**EXERCISE PROMPT**:
Please output the listing exactly as it stands, but omit any images.

**SOURCE DATA**:
■ ■ ■ ■

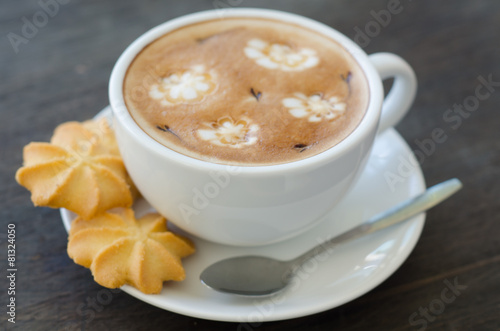 cup of coffee with latte art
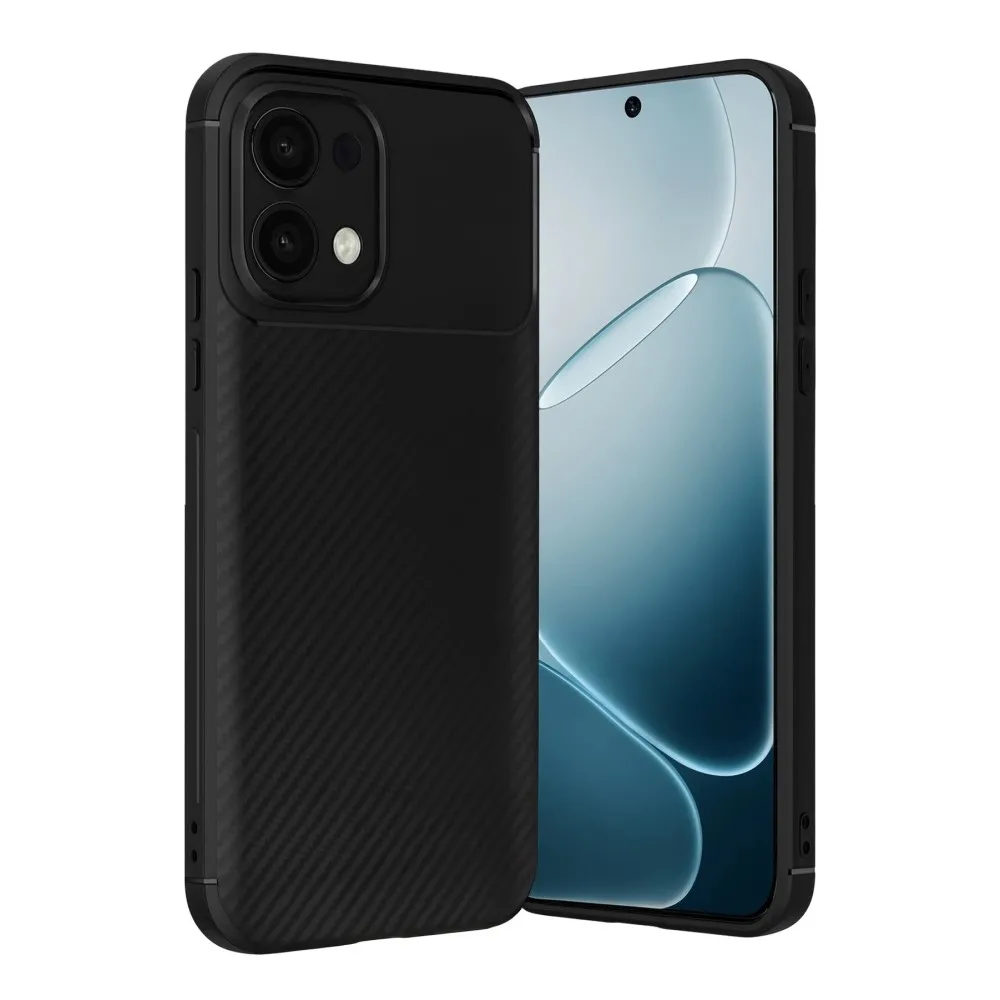 Newface Oppo A6 Pro 4G Auto Focus Karbon Kapak - Siyah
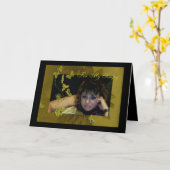 Grußkarte Karte (Gelbe Blume)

■ ■ ■ ■

**SOLUTION**:
 cup of coffee with latte art
 Newface Oppo A6 Pro 4G Auto Focus Karbon Kapak - Siyah
 Grußkarte Karte (Gelbe Blume)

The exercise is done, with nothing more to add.